Le gentil blême éclairage dissipe, anéantit mon Chichnarfne : ce n’était qu’Enfranchiche : tranquille, débonnaire, au téléphone. Mais j’y suis, dans le métro. Je visite. Je m’attarde. J’admire.


Paris ! Paris, Capitale de la Culture ! Ville Lumière ! Orbe de littérature, châsse de sapience, luisance moirée d’écrivains germanopratins ! Il n’y a qu’à Paris qu’on trouve des stations de métro adornées de réclames publicitaires… pour la littérature ! pour les livres ! C’est Paris ! Pas que du dentifrice ou des sites de rencontre ! des livres aussi ! Partout ! tout plein ! des monceaux ! Tombereaux ! Pilons ! Le vingt-quatrième roman ! Le dernier essai ! L’antépénultième confession ! Je vous dirais tout ! Mon enfance à Brégançon ! Les récompenses ! Le prix des supermarchés ! Les recommandations du libraire ! Le coup de cœur de la stagiaire ! C’est la rentrée littéraire… A en tapisser les parois du bunker ! Démesurées, elles me toisent… Pas que la couverture ! La fife de l’auteur en prime ! Elle te dévisage ! Beige bébé ! Yannick Moix, cabochon ! Onobibio ! Adélaïde ! Une Belge, larmoyante (elle écrit du cœur) ! Le rédacteur-en-chef ! Laetitia de Plus Belle La Vie ! La crinière de l’anthroposophe – il est en Ukraine, il libère la Libye – ils sont tous là ! Te voilà bombardé, Parisien ! A la lecture, passager du Métropolitain ! C’est Paris ! C’est Farci !

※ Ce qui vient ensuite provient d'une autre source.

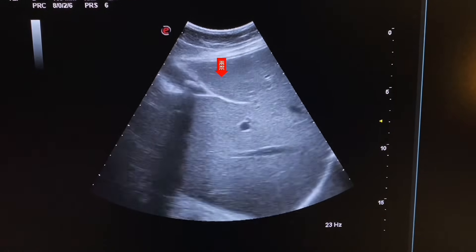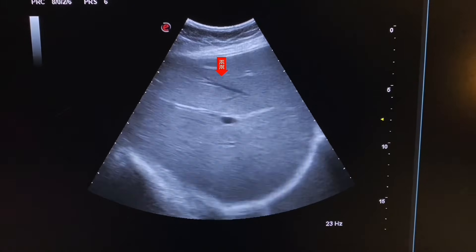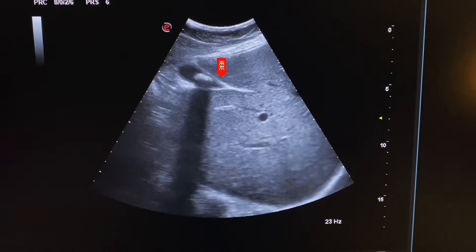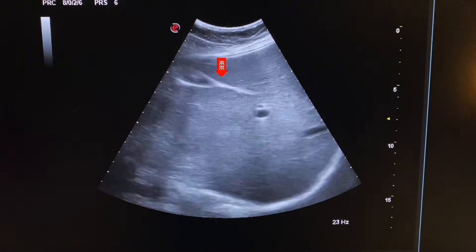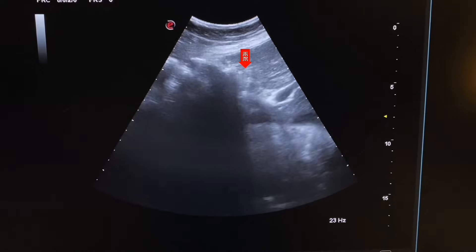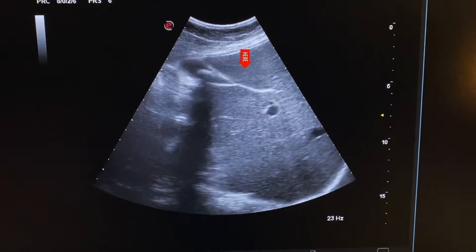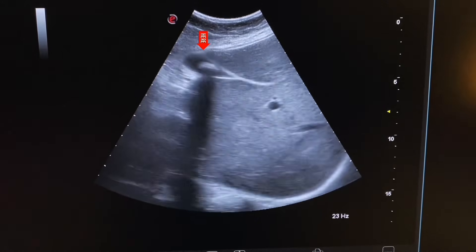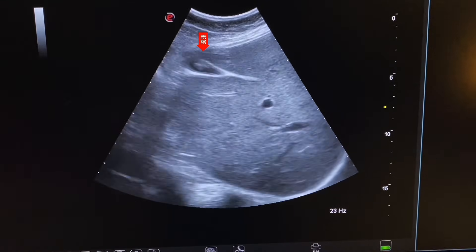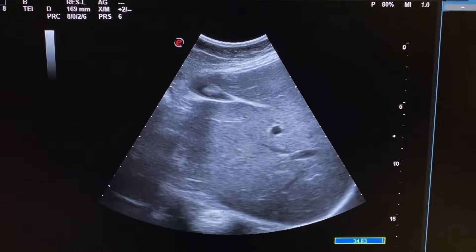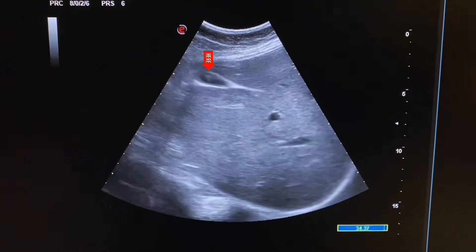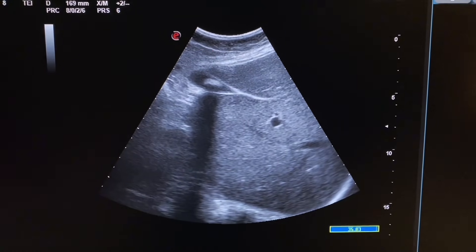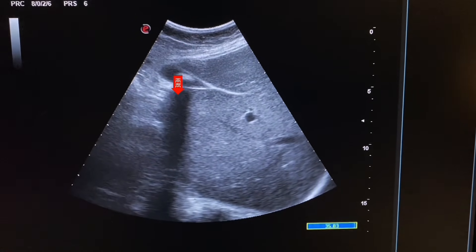Here we see the right lobe of the liver. The texture is smooth and heterogeneous but slightly echogenic. No mass lesions are seen. Here we see the gallbladder. A calculus is present in the gallbladder. The gallbladder is partially contracted. Here we see the acoustic shadow of the stone.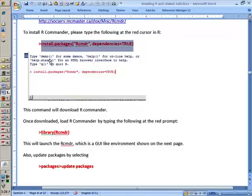Once you have downloaded, actually, the downloading and installation happens simultaneously. It downloads all the packages it needs, and then it installs them for you. Once it's complete, you can then type library, and then in parenthesis Rcmdr. And this is how you launch packages.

J’en vois un qui ne partage pas mon enthousiasme. Il grince des dents, émacié, maigrelet, empaqueté trop chaud pour la saison. Poète à faire peur. Il lève les yeux, grogne, murmure, vitupère. C’est un littérateur. L’œil morne, insomniaque, il erre, lent silencieux dément, dans les allées indifférentes des grandes librairies. Il passe les présentoirs. Agite le poing, menace le libraire, importune le client. On le vire, il prend le métro – étalage à bouquins à nouveau. Pas de boulot, pas d’éditeur, de la haine pour beurre. La rentrée c’est sa sortie. C’était bien la peine de quitter l’école de commerce.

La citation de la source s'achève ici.